#### EXERCISE INSTRUCTIONS:
Every line of the data below should be retyped exactly, with no images carried over.

*** Begin section ***

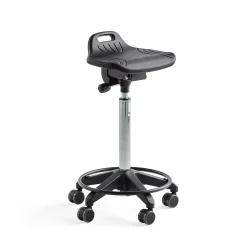 Työjakkara PEYTON Istuin polyuretaanista, pyörät, jalkarengas, 710-970 mm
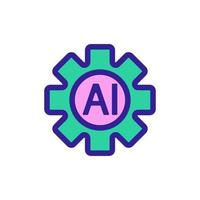 artificial intelligence icon vector. Isolated contour symbol illustration vector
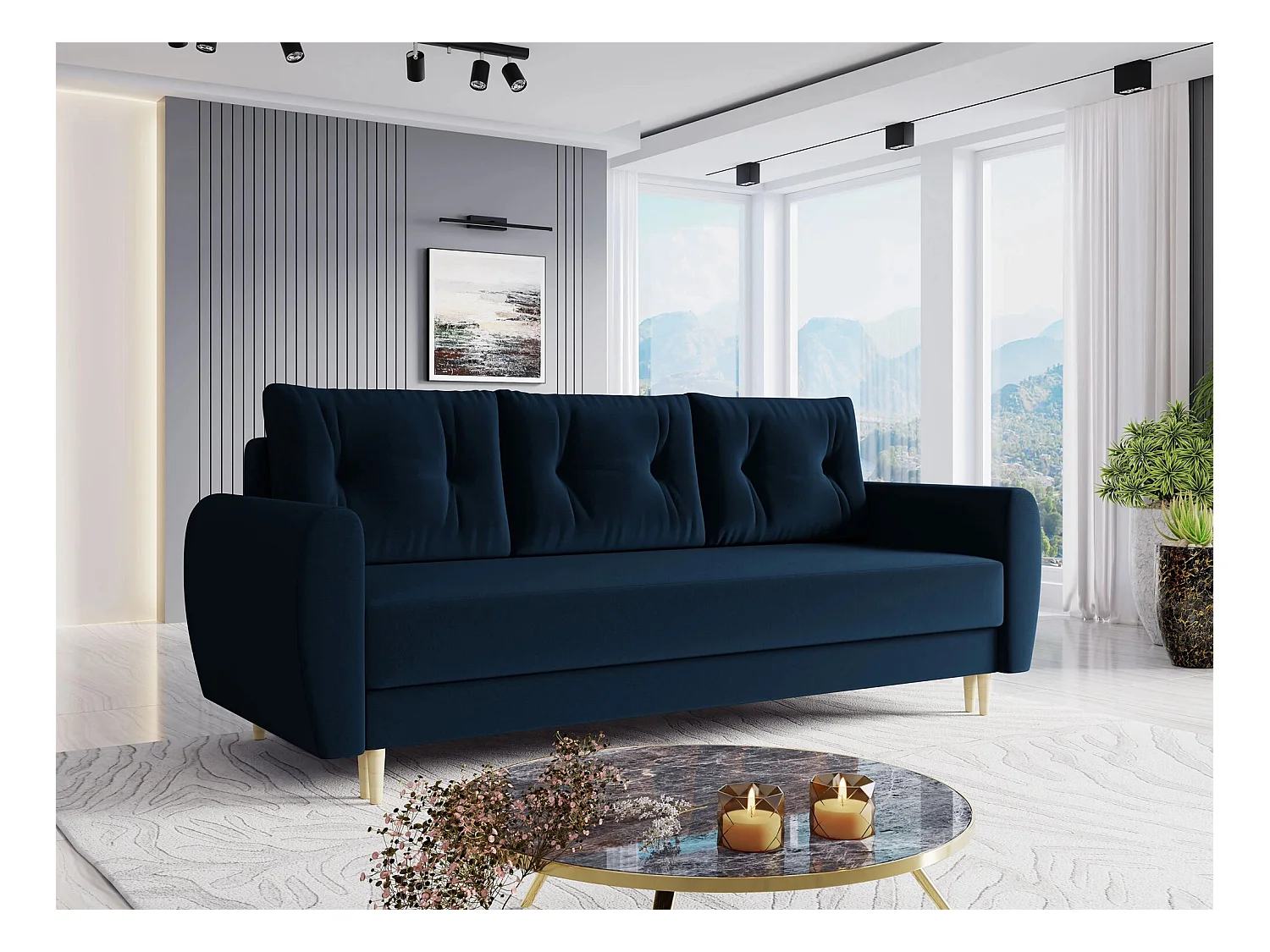 Canapé convertible Memphis 143, Boîte de literie, 95x227x82cm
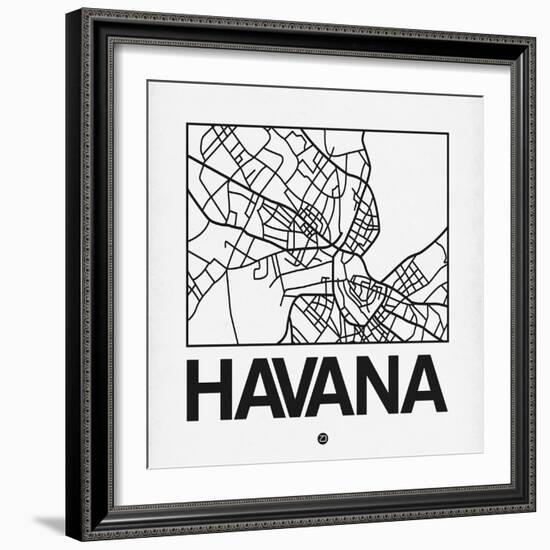 White Map of Havana-NaxArt-Framed Art Print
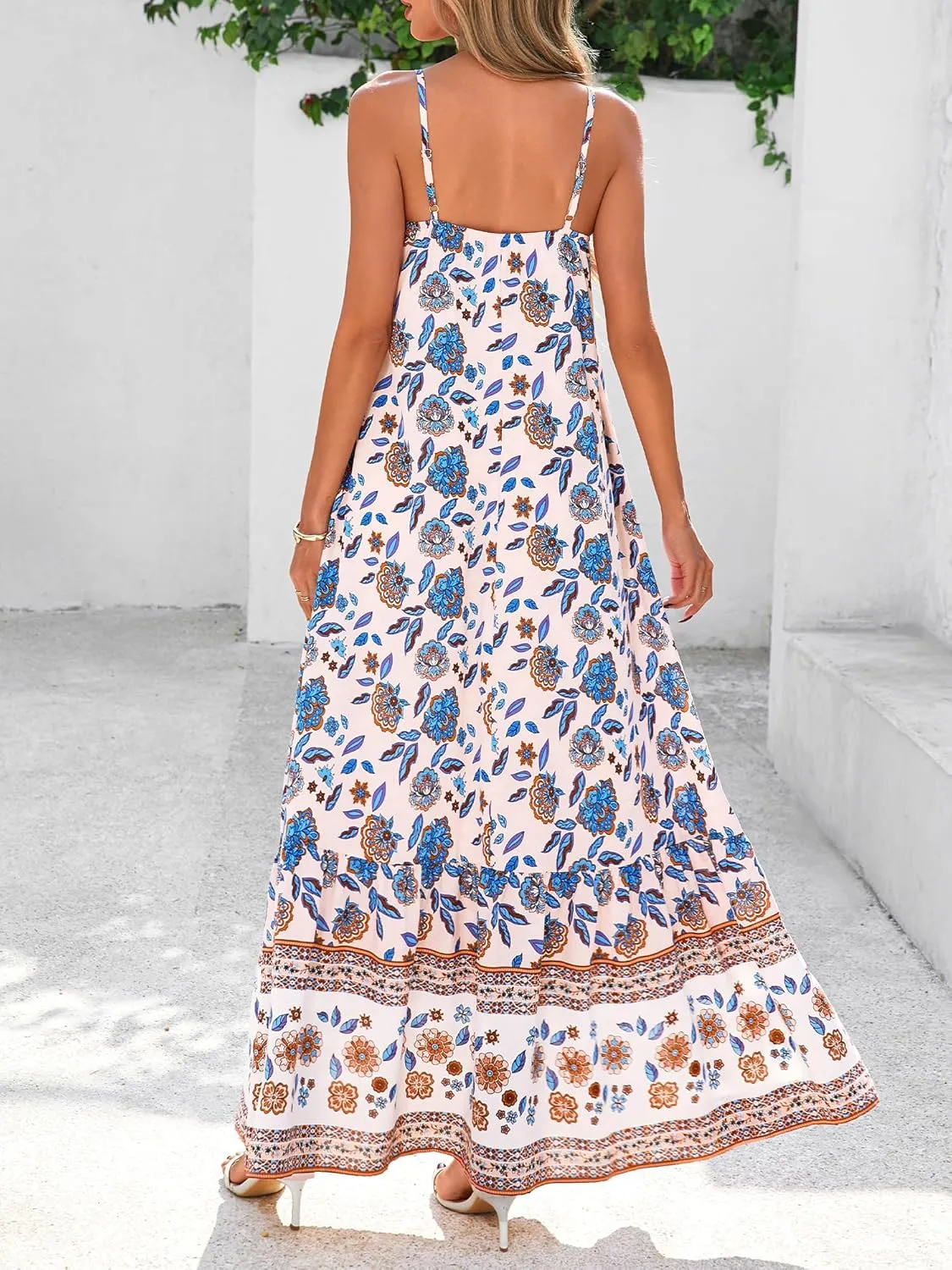 BTFBM Casual Women Summer Maxi Dresses 2025 Loose Sleeveless Sundress Spaghetti Strap Boho Long Dress Vacation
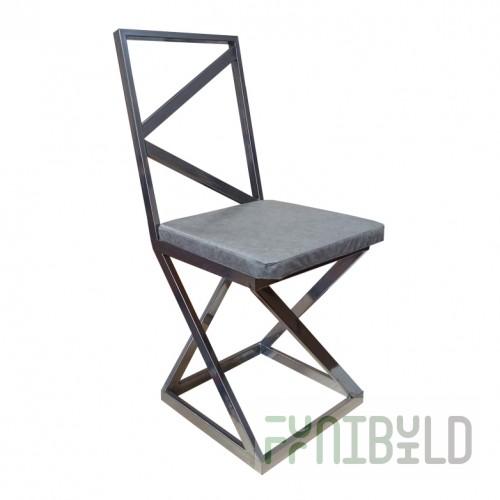Loft chair, chrome frame, grey eco-leather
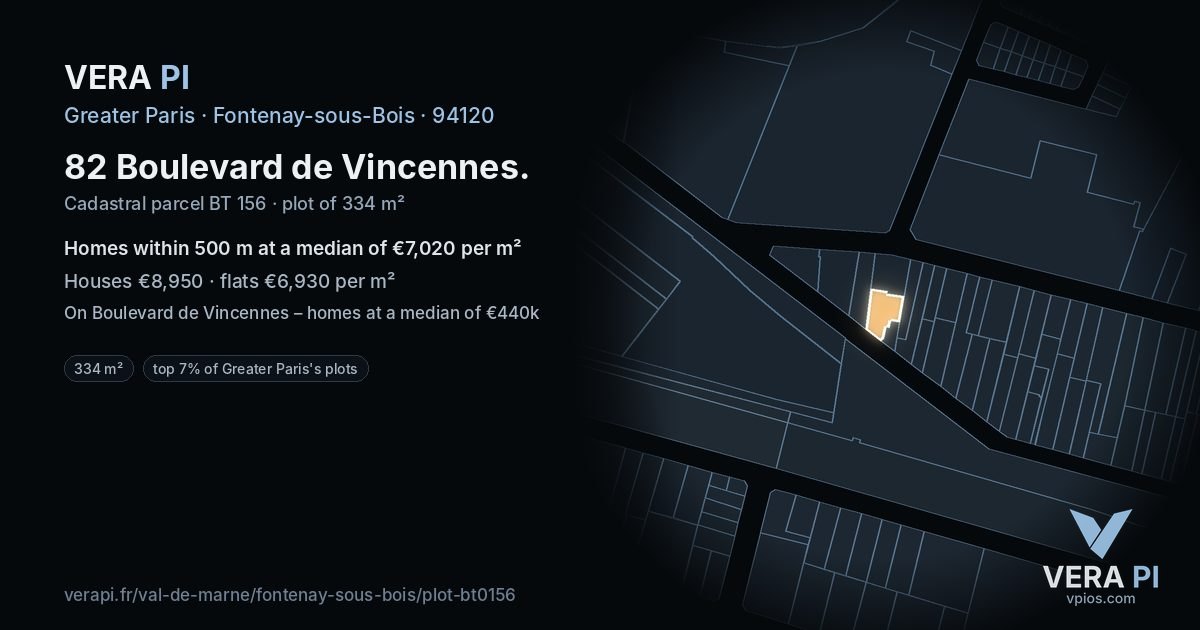 82 Boulevard de Vincennes, Fontenay-sous-Bois at night – the plot lit, the parcels around coloured by the prices near them
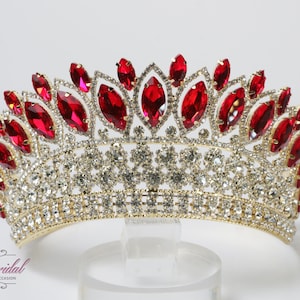FAST SHIPPING!! Gold with Red Stones Crown, Gorgeous Gold Tiara, Stunning Sparkle Gold Tiara, Red Tiara, Ruby Tiara, Rubi Crown, Quinceañera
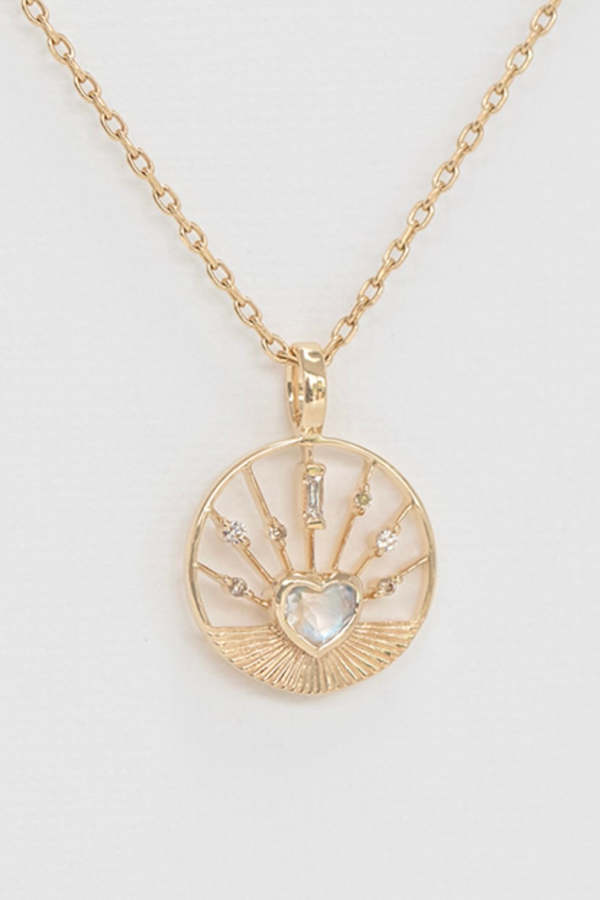 Celine Daoust Moonstone Heart Medal and Chain Necklace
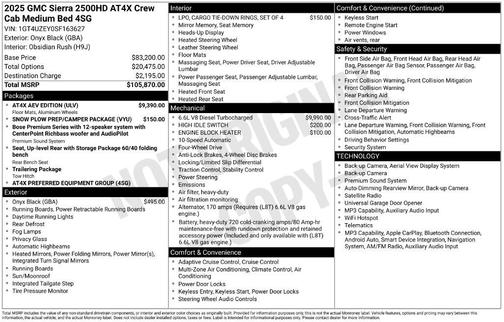 Onyx Black 2025 GMC Sierra 2500 AT4X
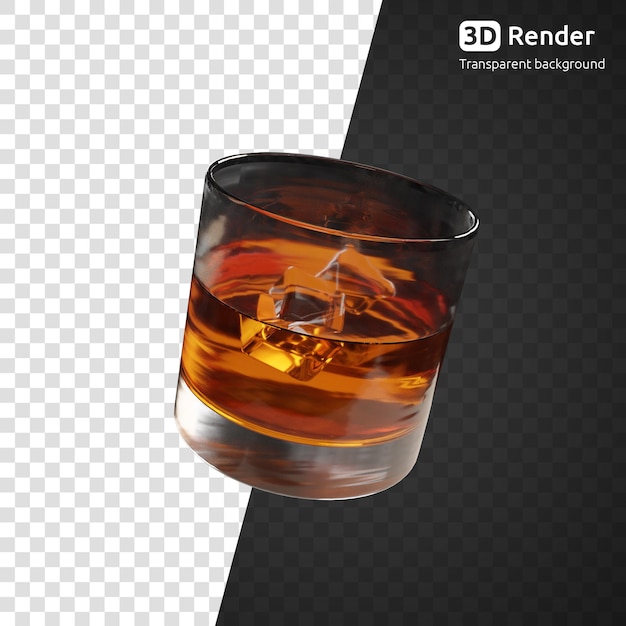 Glass of whiskey with ice cubes 3d render isolated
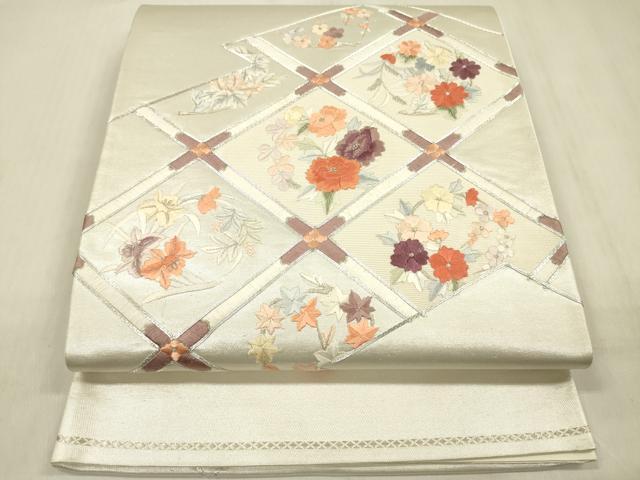 平和屋着物◎太鼓柄袋帯　総刺繍　花天井文　銀糸　正絹　逸品　DABF0814ya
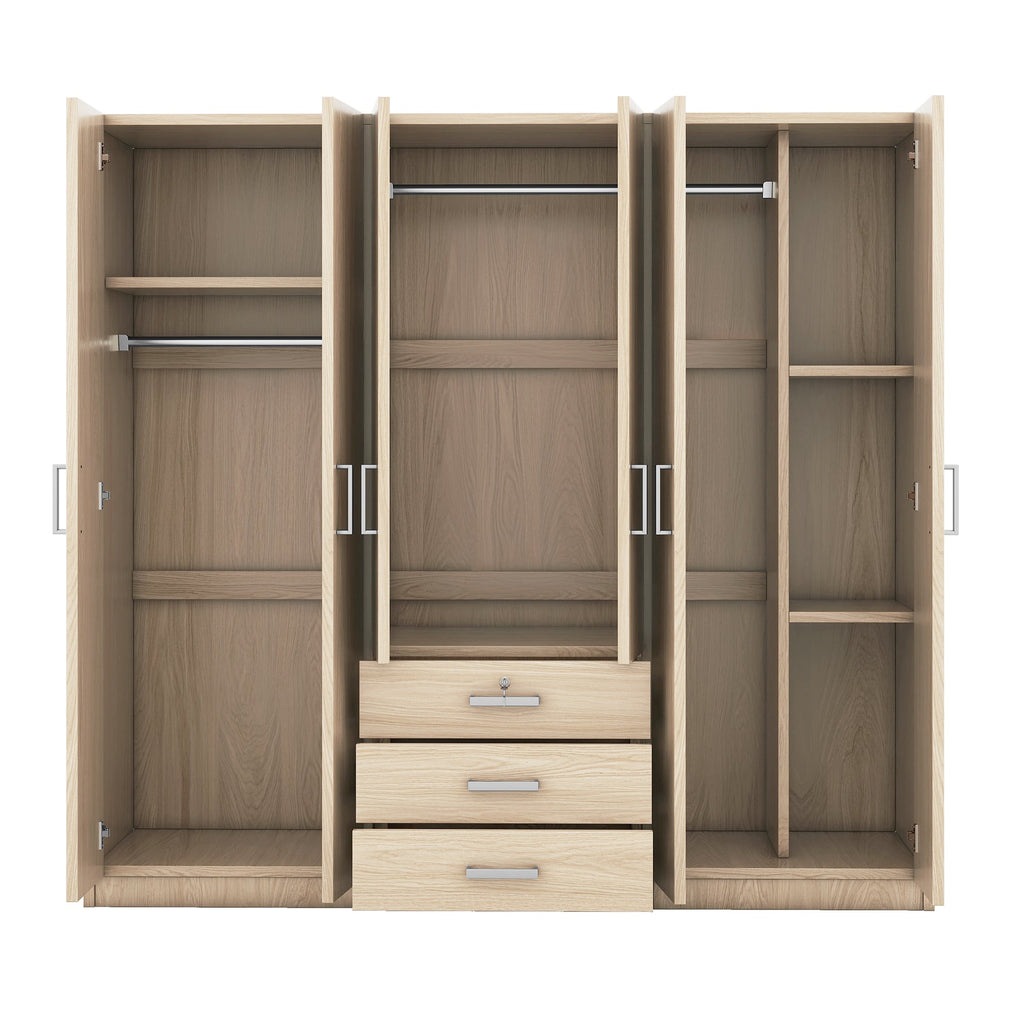 6-Doors Wooden Wardrobe Storage for Bedroom, with Big Drawers, Gray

*** End section ***

#### WRITTEN RESPONSE:
 Työjakkara PEYTON Istuin polyuretaanista, pyörät, jalkarengas, 710-970 mm
 artificial intelligence icon vector. Isolated contour symbol illustration vector
 Canapé convertible Memphis 143, Boîte de literie, 95x227x82cm
 White Map of Havana-NaxArt-Framed Art Print
 BTFBM Casual Women Summer Maxi Dresses 2025 Loose Sleeveless Sundress Spaghetti Strap Boho Long Dress Vacation
Loft chair, chrome frame, grey eco-leather
 82 Boulevard de Vincennes, Fontenay-sous-Bois at night – the plot lit, the parcels around coloured by the prices near them
FAST SHIPPING!! Gold with Red Stones Crown, Gorgeous Gold Tiara, Stunning Sparkle Gold Tiara, Red Tiara, Ruby Tiara, Rubi Crown, Quinceañera
 Celine Daoust Moonstone Heart Medal and Chain Necklace
 Onyx Black 2025 GMC Sierra 2500 AT4X
 Glass of whiskey with ice cubes 3d render isolated
 平和屋着物◎太鼓柄袋帯　総刺繍　花天井文　銀糸　正絹　逸品　DABF0814ya
 6-Doors Wooden Wardrobe Storage for Bedroom, with Big Drawers, Gray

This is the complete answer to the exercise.